Text: Tom Zimmermann
aus: Tierbefreiung 111 / Juni 2021
Beitragsbild: Andre Mouton (https://unsplash.com/photos/84oiI1wT4zU)

 

[1] An dieser Stelle wird auf das Gendern verzichtet, da es in der europäischen Ideen- und Kulturgeschichte hauptsächlich männlich gelesene Personen waren, die verschiedenste Formen der Grenzziehungen zwischen Menschen und zwischen Menschen und anderen Tieren konstruierten.
[2] Für einen Einblick in die Geschichte der Grenzziehung über die Sprachfähigkeit: Kurth, Markus: Von mächtigen Repräsentationen und ungehörten Artikulationen – Die Sprache der Mensch-Tier-Verhältnisse. In: Chimaira – Arbeitskreis für Human-Animal Studies (Hrsg.): Human-Animal Studies. Über die gesellschaftliche Natur von Mensch-Tier-Verhältnissen. Bielefeld. 2011. S. 85-119.
[3] Human-Animal Studies wird im folgenden Text als Sammelbegriff verwendet, trotz der unterschiedlichen Perspektiven, die sich in den letzten Jahren in der nicht biologischen oder zoologischen Tierforschung etabliert haben.
[4] Wirth, Sven, Laue, Anett, Kurth, Markus et al. (Hrsg.): Das Handeln der Tiere. Tierliche Agency im Fokus der Human-Animal Studies. Bielefeld. 2016.
[5] Kurth, Markus; Dornenzweig, Katharina; Wirth, Sven: Handeln nichtmenschliche Tiere? Eine Einführung in die Forschung zu tierlicher Agency. In: Wirth et al. (Hrsg.): Das Handeln der Tiere. Bielefeld. 2016. S.19.
[6] Ebd. S. 20.
[7] Ebd.
[8] Ebd. S. 23.
[9] Ebd.
[10] Ebd. S. 25.
[11] Ebd. S. 27.
[12] Ebd.
[13] Ebd. S. 31.
[14] Ebd.
[15] Eine anekdotenhafte Sammlung von tierlicher Agency findet sich bei: Despret, Vinciane: Was würden Tiere sagen, würden wir die richtigen Fragen stellen? Münster. 2019.

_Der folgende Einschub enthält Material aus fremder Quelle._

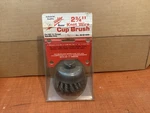 Milwaukee Wire Wheel Pn 48-52-5040 3" Knot Cup Brush 5/8"-11 Spindle Nos. Fixed Price $8.88.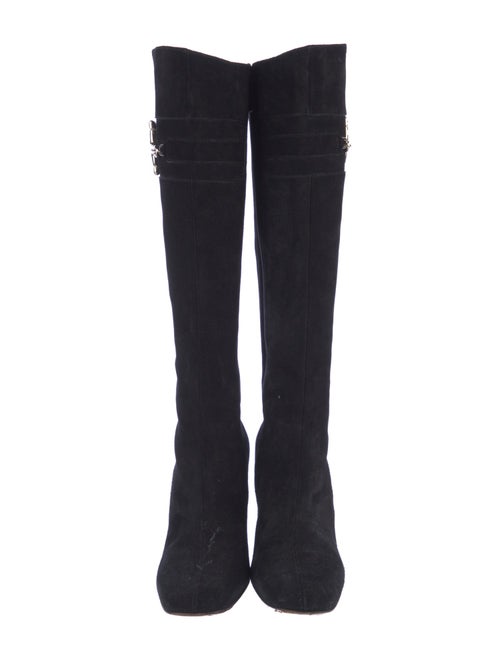 Gucci Hasler Horsebit Accent Suede Boots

[16] Zur Agency in Sprachexperimenten: Dornenzweig, Katharina: Sprachexperimente mit nichtmenschlichen Tieren als Ausdruck von und Herausforderung für problematische Konzeptionen tierlicher Agency. In: Wirth et al. (Hrsg.): Das Handeln der Tiere. Bielefeld. 2016. S. 149-178.
[17] Zu tierlichen Sprachsystemen: Eva Meijer: Die Sprachen der Tiere. Naturkunden. Band 44. Berlin. 2018.
[18] Zur Debatte rund um Haraways Ansatz: Wirth, Sven: „Laborratte“ oder „worker“ im Vivisektionslabor? Zur Kontroverse um Donna Haraways Konzeptionen von Agency und ihrer Kritik an Tierrechten. In: Wirth et al. (Hrsg.): Das Handeln der Tiere. Bielefeld. 2016. S. 115-135.
[19] Amir, Fahim: Schwein und Zeit. Tiere. Politik. Revolte. Hamburg. 2018.